What the task asks
Repeat every line of the data verbatim.
Given material START
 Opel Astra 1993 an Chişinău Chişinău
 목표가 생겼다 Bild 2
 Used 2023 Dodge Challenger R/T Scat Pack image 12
Given material END
Your solution
 Opel Astra 1993 an Chişinău Chişinău
 목표가 생겼다 Bild 2
 Used 2023 Dodge Challenger R/T Scat Pack image 12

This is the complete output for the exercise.